Transfer-Based Strategies for Multi-Target Quantum Optimization

TL;DR

This paper explores transfer strategies to improve multi-target quantum optimization, significantly reducing iterations needed while maintaining solution quality, thus advancing scalable quantum algorithms.

Contribution

Introduces a two-stage transfer framework with novel methods like warm-start, Taylor-based estimation, hierarchical clustering, and deep learning for multi-target quantum optimization.

Findings

Transfer techniques reduce optimization iterations.
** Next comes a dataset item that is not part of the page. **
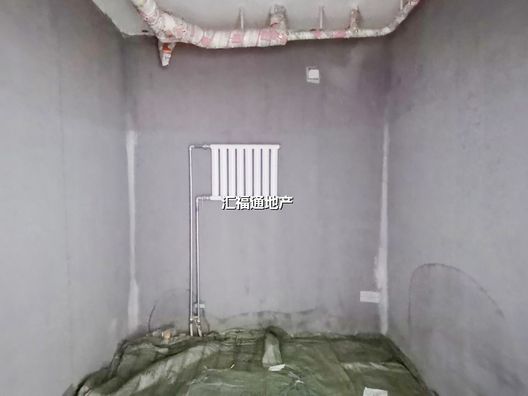 涿州市双塔区鸿盛凯旋门2室2厅房源信息第6张图片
Methods maintain acceptable cost values.

Framework demonstrates scalability in quantum optimization.

Abstract

We address the challenge of multi-target quantum optimization, where the objective is to simultaneously optimize multiple cost functions defined over the same quantum search space. To accelerate optimization and reduce quantum resource usage, we investigate a range of strategies that enable knowledge transfer between related tasks. Specifically, we introduce a two-stage framework consisting of a training phase where solutions are progressively shared across tasks and an inference phase, where unoptimized targets are initialized based on prior optimized ones. We propose and evaluate several methods, including warm-start initialization, parameter estimation via first-order Taylor expansion, hierarchical clustering with D-level trees, and deep learning-based transfer. Our experimental results, using parameterized quantum circuits implemented with PennyLane, demonstrate that transfer techniques significantly reduce the number of required iterations while maintaining an acceptable cost value. These findings highlight the promise of multi-target generalization in quantum optimization pipelines and provide a foundation for scalable multi-target quantum optimization.